4. Cos'hanno intenzione di fare riguardo alla Point Guard?

Una storia vecchia come il mondo: i New York Knicks hanno bisogno di una Point Guard.


Elfrid Payton è arrivato durante la sciagurata free agency dell’anno scorso, mentre Ntilikina è stato riadattato in quella posizione verso la fine della scorsa stagione. Entrambi hanno avuto momenti positivi, ma nessuno dei due sembra poter tenere in mano le redini della squadra.

I rumors riguardanti Chris Paul si sono rincorsi per tutta l’estate, mentre le voci su Russell Westbrook sono piuttosto recenti. Entrambi i ragazzi hanno talento, niente da dire, ma sono anche piuttosto vecchi e costosi, e nessuno dei due sembra essere un’opzione per il lungo periodo.


FOTO: NBA.com

La free agency offre Fred VanVleet, che potrebbe essere piuttosto caro, ma è proprio quello di cui New York ha bisogno. Verrà fatto un tentativo?


Il Draft, come sempre, offre invece soluzioni a lungo termine. LaMelo Ball è una di quelle. Ma non è il solo, ci sono anche Kilian Hayes, Tyrese Haliburton da Iowa State e Kira Lewis Jr da Alabama. Giocatori che potrebbero andare intorno all’ottava chiamata.

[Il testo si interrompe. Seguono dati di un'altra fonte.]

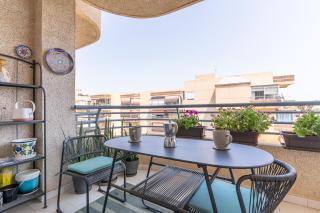 rentafive Puerto Terraza Relax - Santa Pola - 7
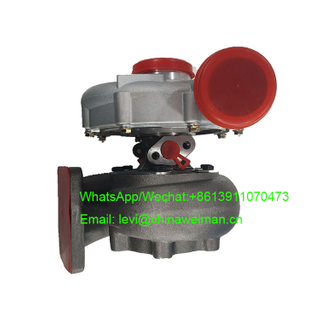 Weichai Diesel Engine WD10G220E23 Spare Parts TurboCharger 612601111010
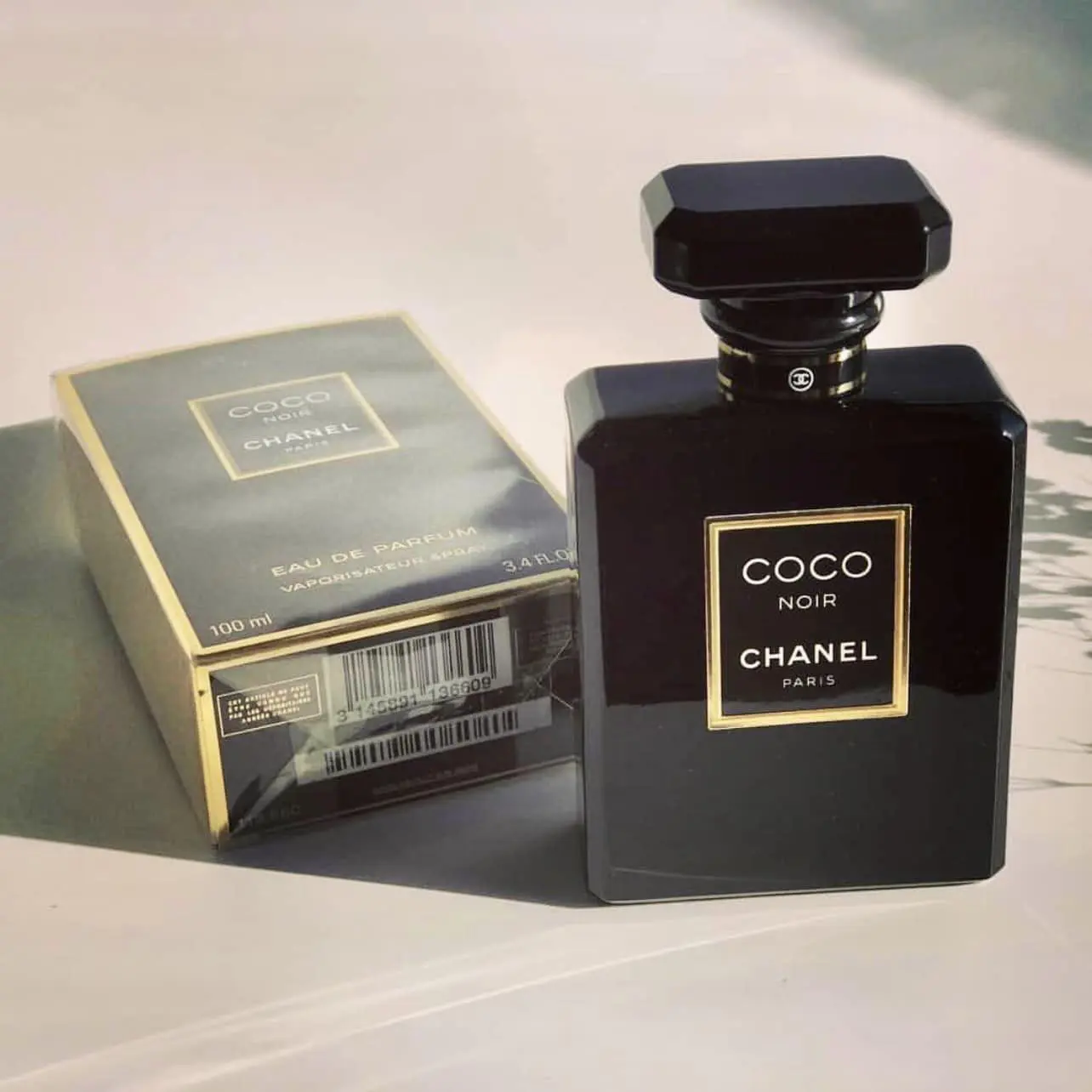 Hình 5 - Chanel CoCo Noir EDP 100ml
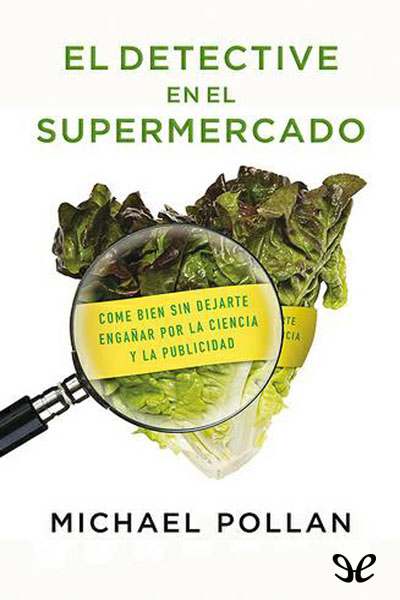 descargar libro El detective en el supermercado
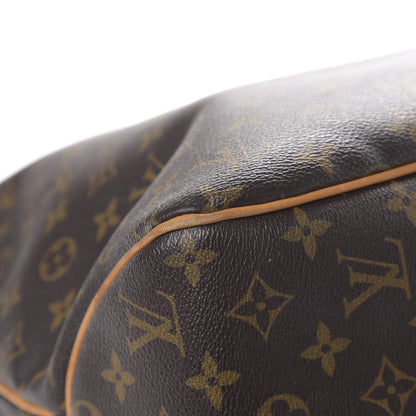 Louis Vuitton Monogram Delightful MM 9 of 18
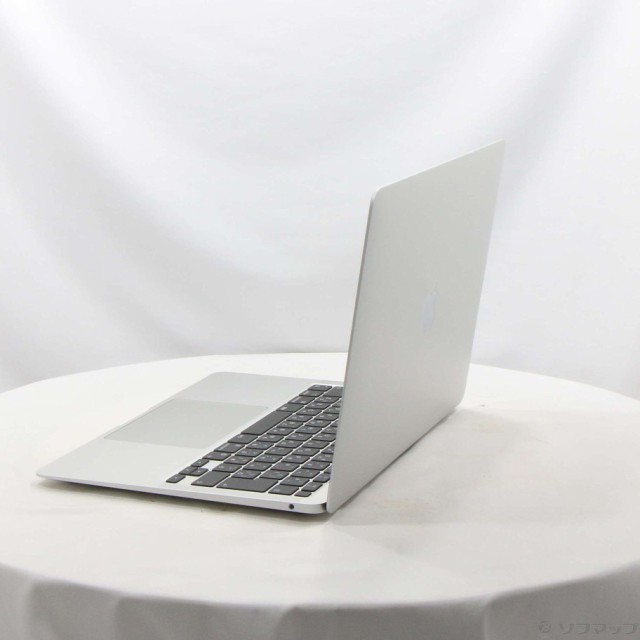 中古)Apple MacBook Air 13.3-inch Late 2020 MGN93J A Apple M1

Se i Knicks decidessero di impostare una trade per CP3, potrebbero scegliere una PG alla fine del primo round e avere quindi due giocatori per il ruolo. Cole Anthony, da North Carolina, potrebbe essere una possibile ipotesi, ma anche Devon Dotson da Kansas, Tre Jones da Duke e Malachi Flynn da San Diego State.

Quest’estate potrebbe essere la volta buona per New York e il problema della PG titolare?


5. Quali sono le aspettative per la stagione 2020/21?

La domanda più difficile di tutte.


Quali sono le aspettative per la prossima stagione dei Knicks? Cosa sarebbe considerabile come un successo? Diciamo che ci sono due possibili scenari.

Il primo prevede che New York provi a fare un passo in avanti. Un passo in avanti che permetterebbe alla franchigia di diventare competitiva forse nel giro di un paio di stagioni. In questo caso, una trade per Chris Paul o un’offerta per VanVleet avrebbero assolutamente senso. Inoltre bisognerebbe aggiungere anche un giocatore in grado di creare spaziature come Davis Bertans o Jerami Grant.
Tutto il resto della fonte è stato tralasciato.